FFN_package = sds.source(neural_net_src_path, "fnn")
Step 3: Training the neural network
Training a neural network in SystemDS using the train function is straightforward. The first two arguments are the training features and the target values we want to fit our model on. Then we need to set the hyperparameters of the model. We choose to train for 1 epoch with a batch size of 16 and a learning rate of 0.01, which are common parameters for neural networks. The seed argument ensures that running the code again yields the same results.
epochs = 1
batch_size = 16
learning_rate = 0.01
seed = 42
network = FFN_package.train(X, Y, epochs, batch_size, learning_rate, seed)
Step 4: Saving the model
For later usage, we can save the trained model. We only need to specify the name of our model and the file path. This call stores the weights and biases of our model. Similarly the transformation metadata to transform input data to the model, is saved.
# Write metadata and trained network to disk.
sds.combine(
network.write('tests/examples/docs_test/end_to_end/network'),
M1.write('tests/examples/docs_test/end_to_end/encode_X'),
M2.write('tests/examples/docs_test/end_to_end/encode_Y')
).compute()
Step 5: Predict on Unseen data
Once the model is saved along with metadata, it is simple to apply it all to unseen data:
# Read metadata and trained network and do prediction.
M1_r = sds.read('tests/examples/docs_test/end_to_end/encode_X')
M2_r = sds.read('tests/examples/docs_test/end_to_end/encode_Y')
network_r = sds.read('tests/examples/docs_test/end_to_end/network')
Xt = Xt_frame.transform_apply(spec=jspec_data, meta=M1_r)

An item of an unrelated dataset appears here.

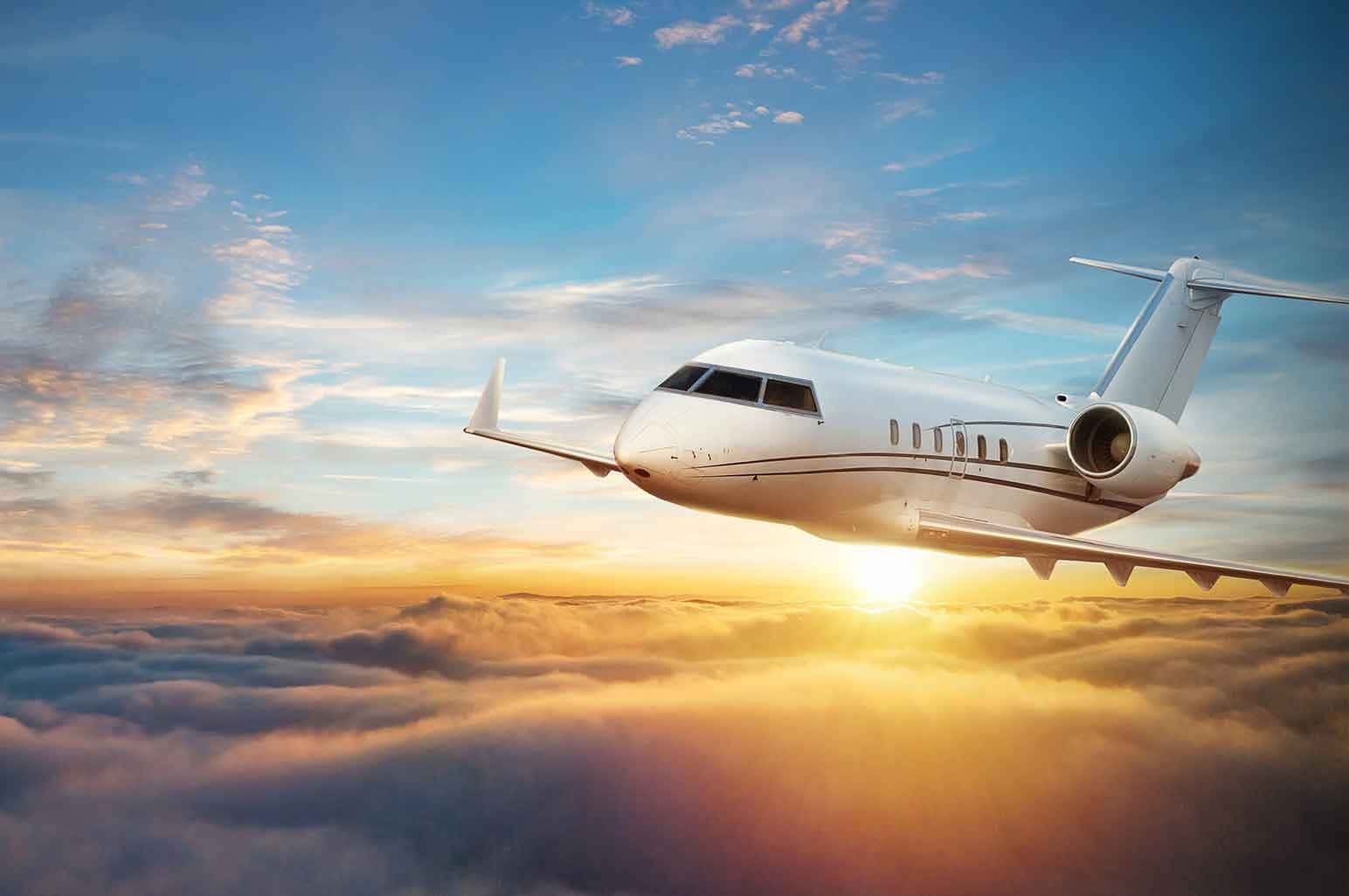 飛機 桌布 壁紙 — 一架流線型白色私人飛機在金色雲層上方翱翔，太陽從其後升起，將溫暖的光芒灑向天空。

Yt = Yt_frame.transform_apply(spec=jspec_labels, meta=M2_r)
Xt = Xt[0:test_count]
Yt = Yt[0:test_count]
FFN_package_2 = sds.source(neural_net_src_path, "fnn")
probs = FFN_package_2.predict(Xt, network_r)
accuracy = FFN_package_2.eval(probs, Yt).compute()
Full Script NN
The complete script now can be seen here:
from systemds.context import SystemDSContext
from systemds.examples.tutorials.adult import DataManager
from systemds.operator.algorithm import multiLogReg
from systemds.operator.algorithm import multiLogRegPredict
from systemds.operator.algorithm import confusionMatrix
with SystemDSContext() as sds:
d = DataManager()
# limit the sample size
train_count = 15000
test_count = 5000
# Get train and test datasets.
X_frame, Y_frame, Xt_frame, Yt_frame = d.get_preprocessed_dataset(sds)
# Transformation specification
jspec_data = d.get_jspec(sds)
jspec_labels = sds.scalar(f'"{ {"recode": ["income"]} }"')
# Transform frames to matrices.
X, M1 = X_frame.transform_encode(spec=jspec_data)
Y, M2 = Y_frame.transform_encode(spec=jspec_labels)
# Subsample to make training faster
X = X[0:train_count]
Y = Y[0:train_count]
# Load custom neural network
neural_net_src_path = "tests/examples/tutorials/neural_net_source.dml"
FFN_package = sds.source(neural_net_src_path, "fnn")
epochs = 1
batch_size = 16
learning_rate = 0.01
seed = 42
network = FFN_package.train(X, Y, epochs, batch_size, learning_rate, seed)
# Write metadata and trained network to disk.
sds.combine(
network.write('tests/examples/docs_test/end_to_end/network'),
M1.write('tests/examples/docs_test/end_to_end/encode_X'),
M2.write('tests/examples/docs_test/end_to_end/encode_Y')
).compute()
# Read metadata and trained network and do prediction.
M1_r = sds.read('tests/examples/docs_test/end_to_end/encode_X')
M2_r = sds.read('tests/examples/docs_test/end_to_end/encode_Y')
network_r = sds.read('tests/examples/docs_test/end_to_end/network')
Xt = Xt_frame.transform_apply(spec=jspec_data, meta=M1_r)
Yt = Yt_frame.transform_apply(spec=jspec_labels, meta=M2_r)
Xt = Xt[0:test_count]
Yt = Yt[0:test_count]
FFN_package_2 = sds.source(neural_net_src_path, "fnn")
probs = FFN_package_2.predict(Xt, network_r)
accuracy = FFN_package_2.eval(probs, Yt).compute()
import logging
logging.info("accuracy: " + str(accuracy))